WEIGHT loss certainly hasn’t gone belly up for this dancer.
It’s more a case of belly down for Julie Thompson as she shed more than three stone to feel more slinky in her belly dancing outfits.
The 41-year-old feels so great about dropping from 17st 9lb to 14st 2lb that she’s opened her own slimming group in Washington.
Julie, 41, from Penshaw, said: “I really needed to do something. I was on high blood pressure tablets and I’d buried my head in the sand about my weight for too long.
“There was also the fact I wanted to be confident in my dancing costumes. I’d look around the dancing class and all the other girls are slim and I felt so much bigger next to them.
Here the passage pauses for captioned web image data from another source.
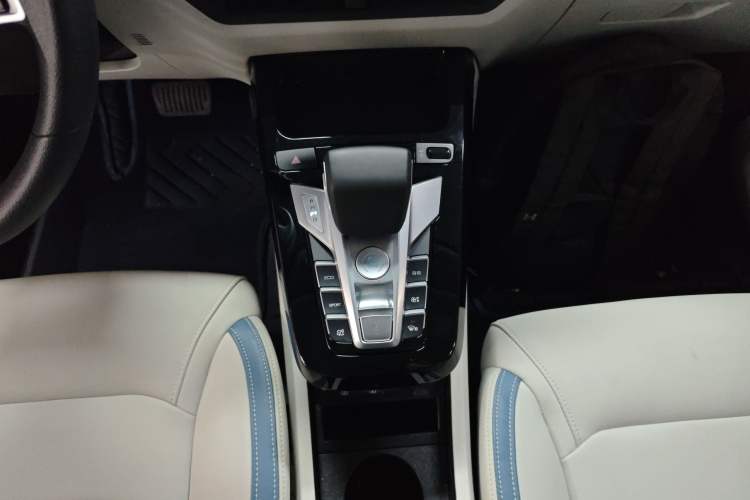 Used BYD Yuan Pro 2023 401KM Luxury Version Gear Lever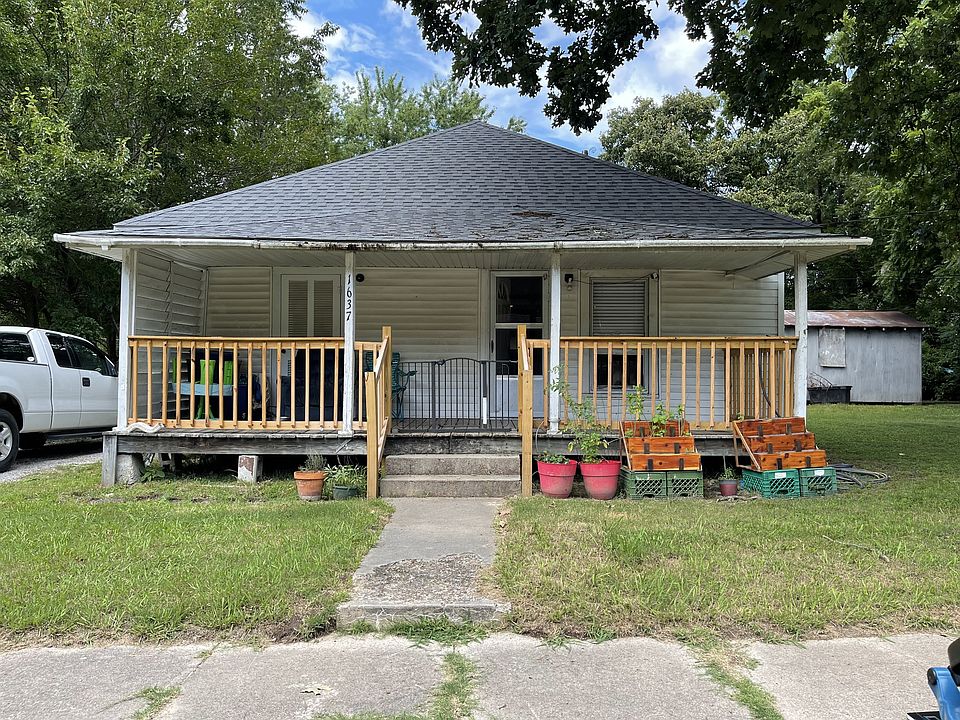 2nd image of 1637 Etheridge St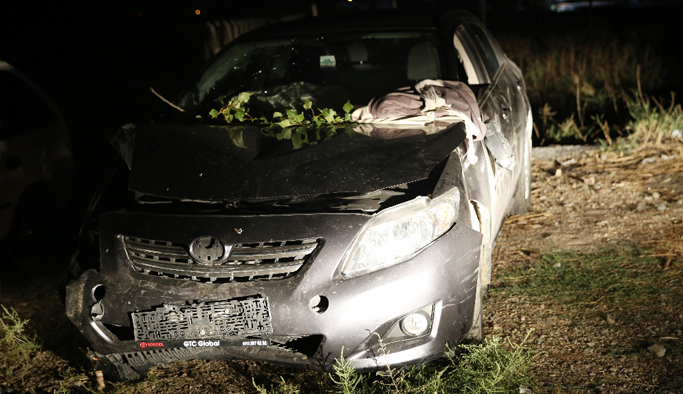 Otomobil piknik yapan aileye çarptı: 2 ölü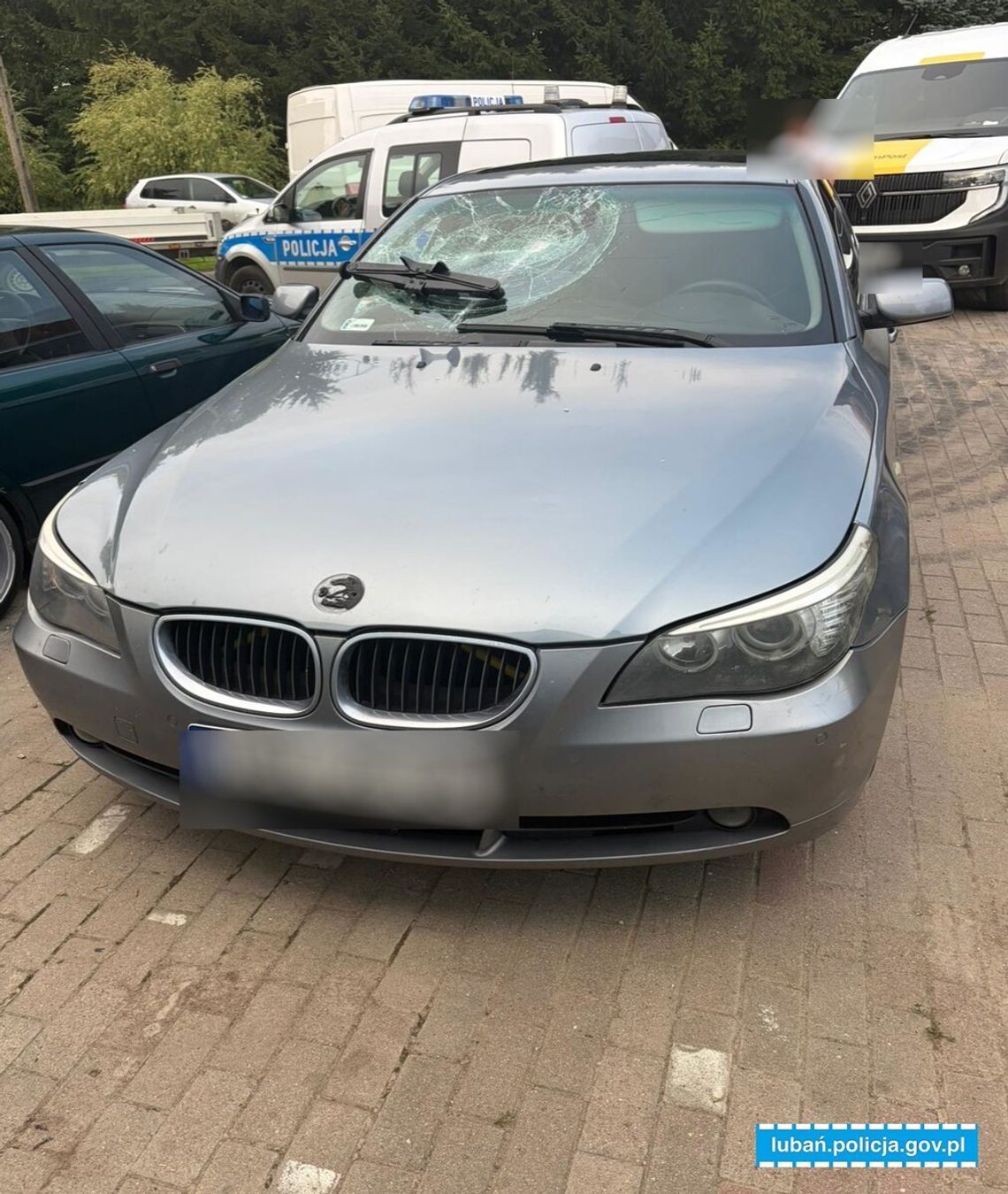 21-latek zobaczył byłą z innym i wpadł w szał. Chwycił za lewarek i zdemolował jego BMW 21-latek zobaczył byłą z innym i wpadł w szał. Chwycił za lewarek i zdemolował jego BMW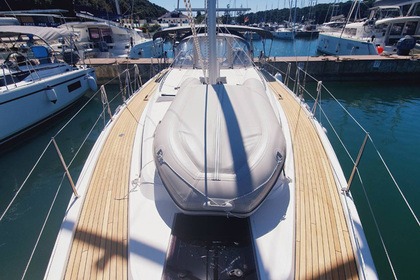 Hyra båt Segelbåt Bavaria Bavaria C42 Style Pula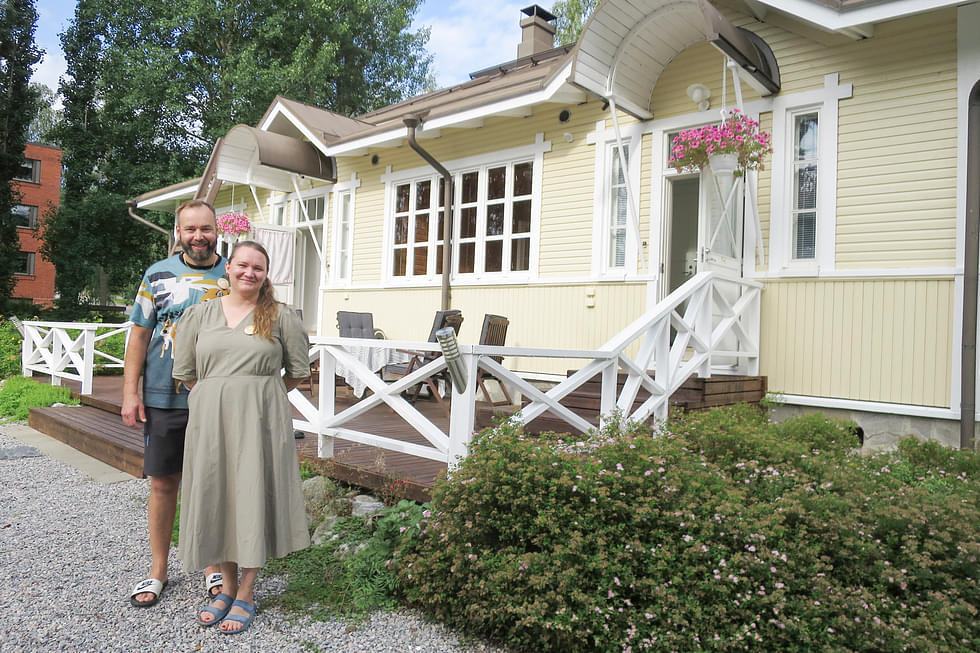 Mikko ja Sanna Tenhunen ovat Multasen talon uudet omistajat.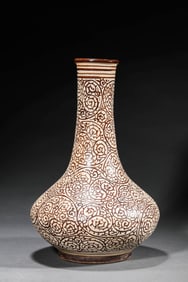 A JIZHOU TYPE 'INTERLOCKING FLORAL' VASE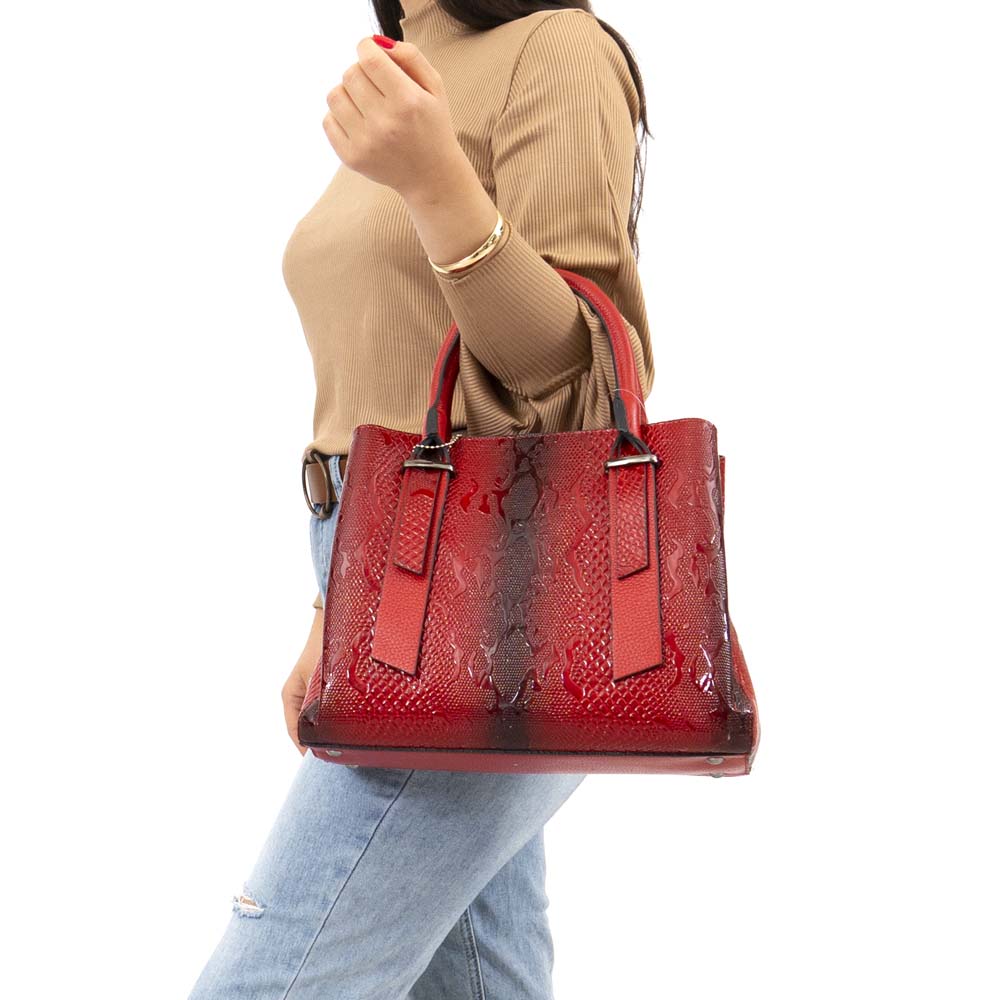 Дамска чанта ENZO NORI от естествена кожа фина напа червена със змийски лазер лак
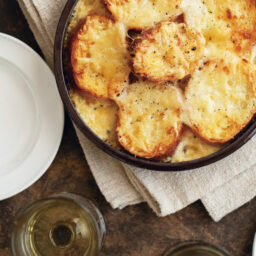 ガーリックチーズトーストグラタン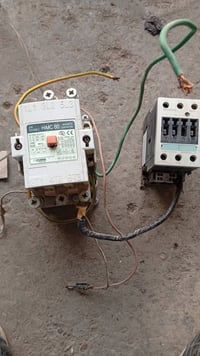 قواطع كهربائية • للبيع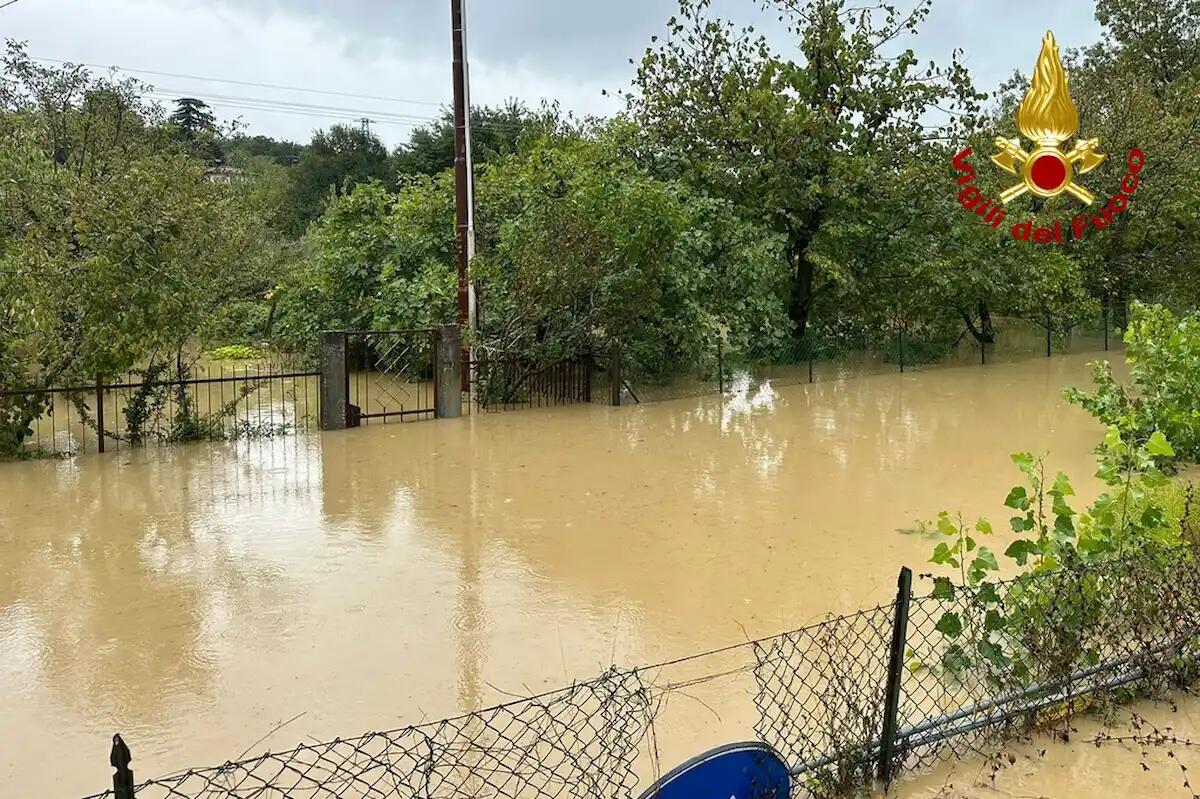 Piogge intense, straripa un torrente a Muggia: evacuazioni in corso e traffico bloccato -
I feel so much better about myself now.”
Julie, who attends dance classes in Boldon and at Dance City in Newcastle, managed to shift the excess pounds through Slimming World.
“Exercise alone wasn’t shifting the weight,” she explained.
“But the Slimming World plan changed the way I look at food and the way I eat it.
“I was stunned when I lost 5½ lbs in my first week.
“I still have things like curries and Chinese food but I make it myself from scratch so I can make sure it’s healthy.
“My blood pressure medication is now a thing of the past too.”
She added: “One of things that made me join Slimming World was that one day I saw a friend I hadn’t seen in 23 years but I was too embarrassed to go up to her because of my size.
“I got in touch with her after I’d lost two stone and now it’s like we’ve never been apart for all those years.”
Keen to share her experience, Julie has now started her own Slimming World group which meets at Washington Village Community Hall on Tuesdays at 7pm.
Hip gyrations scandalised the Victorians
BELLY dancing, which came to Europe in the 18th and 19th centuries, shocked Victorians through revealing costumes and gyration of the hips.
In the Middle East belly dancing was typically used as a folk or social dance or as performance art.
Although it was common for anyone to dance like this at social gatherings, professional dancers were not seen as respectable.
The dance was popularised in the West during the Romantic movement when Middle Eastern Countries began performing at various World Fairs.
In 1893 Sol Bloom referred to this dance as ‘danse du ventre’ which translated to English means ‘belly dance’. It was here the dancers gained attention and from then on the appearance of belly dancers became more common.
The costume, known as the bedlah, is typically covered in beads and sequins and allows the material to move rhythmically with the dancer.
As this is a non-impact weight bearing exercise it is suitable for all ages and has fast become a popular way to exercise and tone muscles.